One of the pleasures of this rail trail ramble is what I call the “water meadows,” a marsh of sedges and grasses through which a stream winds its way towards the Wallkill. It’s a good place to see great blue herons poised in the shallows, fishing, and muskrats. I watched a pair of muskrats this spring gathering succulent roots from a mudflat and swimming with them to their den, a burrow leading into the bank. This week I notice their reedy lodges, like thatched huts, built up higher along the stream’s edge, perhaps in anticipation of the coming storm and the high water levels it will bring. It is known that many animals seem to be able to sense the approach of a storm before humans do, so it’s not so farfetched that muskrats might be able to forecast the weather in this way. Not long ago I looked down from the rail trail at a very large snapping turtle plowing his way along the shallow streambed, as if he were dredging the channel. This week, at the same spot, I was serenaded by white-throated sparrows among the brown thickets of marsh vegetation, whistling their pure, plaintive “old Sam Peabody, Peabody” calls to announce their arrival here from nesting areas to the north.
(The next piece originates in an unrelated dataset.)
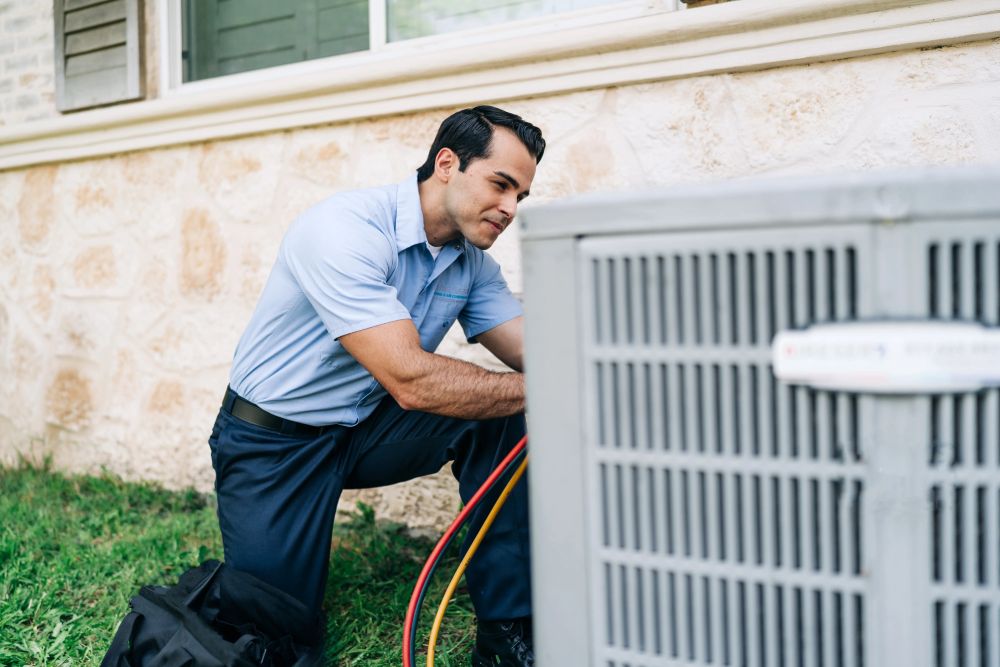 Best HVAC Contractor Img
This tributary of the Wallkill reproduces in miniature the classic meanders of the mighty Mississippi. The word ‘meander” comes to us from the ancient Greek word for a river in Turkey (called Phrygia by the ancient Greeks), whose sinuous course is marked by the loops we now call meanders wherever they occur. A stream such as this one, flowing across a bed of silt, develops meanders by depositing sediment inside each bend it makes, and cutting into the outside of the bend, forming a cutbank. The pattern is endlessly varied and complex, and constantly evolving, but forms in response to a simple, inexorable law of physics. Flowing water always deposits its load of sediment when it slows down, and carries it away when it moves faster. Since water flows faster around the outside of a bend, as the outside of a turning wheel moves faster that the inner rim, it naturally erodes into its bed there, and deposits silt on the inside curve. Over time, this process amplifies the bends into meanders such as those we see here. What fascinates me, meandering along on my walks, is to observe the variations this stream plays upon the theme.
Continuing south past the water meadows I pause to admire the outcrops of Martinsburg shale, formed from clay deposited in shallow seas over 450 million years ago, long before there was a Shawangunk ridge looming to the west. One rock face, with its overlapping slabs, resembles a house wall sided with wooden shakes. One doesn’t need geological training to notice how the thin, flaky beds of shale have been tilted almost to the vertical in some places, and contorted by tremendous earth forces. This rock has, in fact, in the course of its long history, been affected by more than one mountain-building episode, each caused by the collision of plates bearing the continents of North and South America, Africa, and Europe. At present, the outcrops bear “hanging gardens” of columbine, whose yellowed leaves are still present in late fall, and the evergreen polypody fern, spinulose and marginal wood ferns. The common polypody fern rewards a closer look. Turn over a frond and you will find large golden “fruiting bodies” which contain the spores by which the fern reproduces. Seen through a hand lens, they look like bunches of golden grapes.
On my return, I notice the reddening leaves of a stand of scarlet oaks, and wonder how many will remain after the storm has run its course. Now that most of the maples have been stripped of their foliage, these oaks provide the most satisfying autumnal tints. I pick a leaf, and admire its deeply incised contours, which reminded Thoreau of a coastline with coves and promontories. As I end my walk, I can say with satisfaction, paraphrasing Thoreau’s statement about his native Concord, “I have traveled much in New Paltz.”